The Knock In The Engine

In Motown, the days are getting colder-and it's not just winter coming on. Car sales are in the tank, and the automakers complain that they're under siege from lawmakers who want cars that pollute less and guzzle less gas. Domestic automakers, battling both the recession and Japanese rivals, insist that their cars can't do both. "We're not whining about regulation per se," says Don Buist, Ford Motor Co.'s director of automotive emissions and fuel economy. "It's the way it's all coming together and hitting us."

The pressure has been steady. Last week nine states-including New York, New Jersey, Pennsylvania and Massachusetts--announced that they plan to adopt California's tough new clean-air rules. And a broad energy bill before the Senate last week called for some increases in gas-mileage requirements. On Friday the bill was killed, but Democratic Sen. Richard Bryan of Nevada says he will keep trying. The new regulatory tide comes at a bad time for Detroit, where the Big Three lost $1.76 billion in the third quarter. And it comes after the automakers have already had to adjust to the 1990 amendments to the Clean Air Act, which call for some 40 new pollution-control measures. (Ford alone says it will spend more than $2.6 billion to comply.)

The carmakers are most worried about Congress's attempts to mandate more miles per gallon. Bryan's proposal--popular with environmentalists-L-would raise today's 27.5 miles-per-gallon average to 40 mpg by the year 2001. Automakers contend that heavy pollution-control equipment weighs down cars, marking them burn more gas. Richard Penna, a consultant to Toyota, calls the trade-off a "teeter-totter ... On one end is fuel economy; on the other end is emissions. If you push down on one end, the other end goes up." Some critics of the automakers dispute the "teeter-totter" claim; John DeCicco, a researcher with American Council for an Energy Efficient Economy, says that conforming to California's standards will only cut the fuel efficiency of Honda's new Civic VX by four miles per gallon. And while industry lobbyists contend that higher fuel efficiency will make for smaller, unsafe cars, recent government studies dispute that claim.

None of the automakers, domestic or foreign, care for Bryan's proposals. Detroit's allies say the bill will squeeze its best-selling models: Ronald Glantz, auto analyst for Dean Witter Reynolds, says, "You're forced to build small vehicles that lose money in order to keep building large vehicles that make money." Even Japanese manufacturers, whose cars are more fuel-efficient than American machines, say more improvement will be tough. By the year 2000, Toyota's fleet will have to reach 45 mpg to Ford's 39, says Toyota vice president for external affairs James Olson; a Bryan bill would mean "we're nothing but a Tercel company again."
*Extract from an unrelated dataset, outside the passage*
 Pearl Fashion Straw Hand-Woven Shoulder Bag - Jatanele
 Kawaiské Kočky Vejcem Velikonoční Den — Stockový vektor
But while carmakers agonize over each mandated step, some have made impressive strides. Honda recently unveiled a prototype that gets 82 mpg, and Volkswagen is testing a version of its Golf that gets nearly 60 mpg in the city. The Big Three are all working on cars that can run on methanol, ethanol or other fuels. Still, automakers contend that new regulations will require high cost for minimal environmental gains. They suggest that the quickest road to improvement is to get rid of the old cars. Today's cars burn half as much gas as 1976 models, and 1960s cars were 20 times filthier than today's. David Cole, director of the Center for the Study of Automotive Transportation at the University of Michigan, says if cleaner cars are too expensive, "people will keep their old cars longer" and the air will stay dirty. Getting drivers to chuck their old junkers won't be easy. But anything that might create new buyers in today's bleak market would bring joy to the hearts of Detroit's execs.